2
votes

I would like to have some suggestion on improving my spark application design. I am new to spark and have read documents online on performance. When I am running on the cluster with full data load it is very slow. So, please suggest how better the application can be tunned from developer perspective.

This is how I have developed my spark application: Functionality is to read the files present in HDFS, process it and store the data in parquet hive table. Developed using spark and python.

Each file size is around 50Mbyte and there are around 50 files to be processed. Its a 3 node cluster(2 slave + 1 master). Currently it takes around 4 hours to process the data. There are 10 driver cores, total executor cores 60, executor memory 7G, driver memory 7G assigned in the config.

The script reads all the files using sc.TextFile and creates an phytonRDD. python RDD is assigned a schema and is processed row by row using Lambda function. Processing row by row is taking time. after processing it stores into parquet table.

How do I find out how many RDD's are created and how much memory does each RDD take. How can this better improved.

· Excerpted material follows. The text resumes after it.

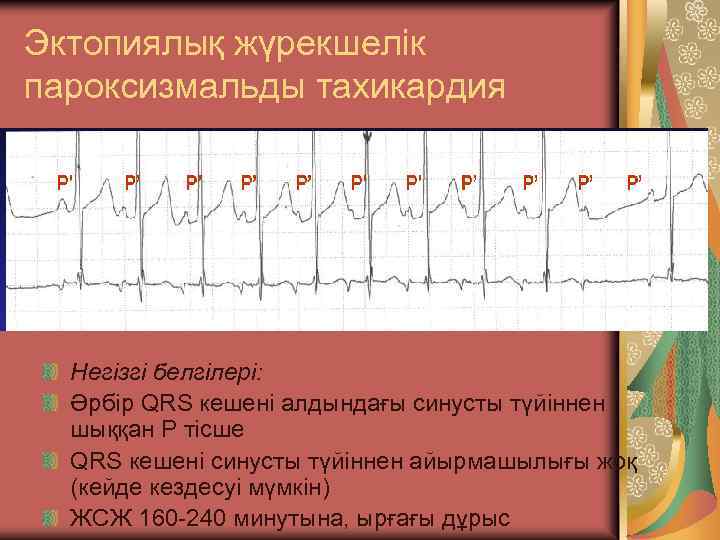 Эктопиялық жүрекшелік пароксизмальды тахикардия Негізгі белгілері: Әрбір QRS кешені алдындағы синусты түйіннен шыққан Р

Thank you for your suggestion.

Code Snippet:

# Input: list of files along with metadata file. 
# Files start with a number to identify which branch file and the branch number is also a value in the base table
# If there are 100 files, then I can specify to process 10 files  

# checking the metadata table
    field_lst = branch list 
    sql_stmt = 'from bd.tb select filename where field1 in ' + \
                   ' (\"' + '\", \"'.join(["%s"] * int(field_lst.__len__())) % tuple(field_lst) + '\")' + \
                   ' and ' + \
                   'filename like "%_yyyy_xxxxx%"'
        newdf = hc.sql(sql_stmt)
# preparing the list of files that needs to be processed. This is a subset of input files.  
        files = newdf.toPandas().values.tolist()
        newfiles = list(ny.array(files).flat)
# processing the input file
        pyrdd = sc.textFile(','.join(newfiles), use_unicode=False)
    rdd1 = pyrdd.map(lambda row: tbl_schema(*row.split('\t')))
    rdd2 = rdd1.map(lambda row: None if (row == '0' or row == '') else row)
# input file has around 20 columns which is processed in Row
    rdd3 = rdd2.map(lambda row: Row(
             str(row.field1).lower.replace("'", "''").replace("\\", "\\\\").strip(),
             row.field2,
             row.field3,
             datetime.datetime.now()
             ))
    df2 = hc.createDataFrame(rdd3, SCHEMA_rdd3)
# reading from the base table where the rows does not have the branch list in field_lst
    sql_stmt1 = 'select * from ' + base_table + ' where field1 not in ' + \
            ' (\"' + '\", \"'.join(["%s"] * int(field_lst.__len__())) % tuple(field_lst) + '\")'
        df3 = hc.sql(sql_stmt1)
        new_df = df2.unionAll(df3)
        new_df.saveAsTable('tmp_tbl1, mode='overwrite')
        df_new = hc.sql('select * from tmp_tbl1')
        df_new.saveAsTable(base_table, mode='overwrite')
2
could you post some code? that might help us find where the bottleneck is.jtitusj
For the record, Spark 2.0 can load CSV files directly into DataFrames (and with Spark 1.x you can use the "Spark-CSV" plug-in with a slightly different syntax and some CLASSPATH tweaks). All Spark benchmarks show that DataFrames process faster than raw RDDs with Scala, and much faster with Python.Samson Scharfrichter

2 Answers

1
votes

I suggest you to use Spark History Server to better understand your job. It can tell you:

How do I find out how many RDD's are created and how much memory does each RDD take.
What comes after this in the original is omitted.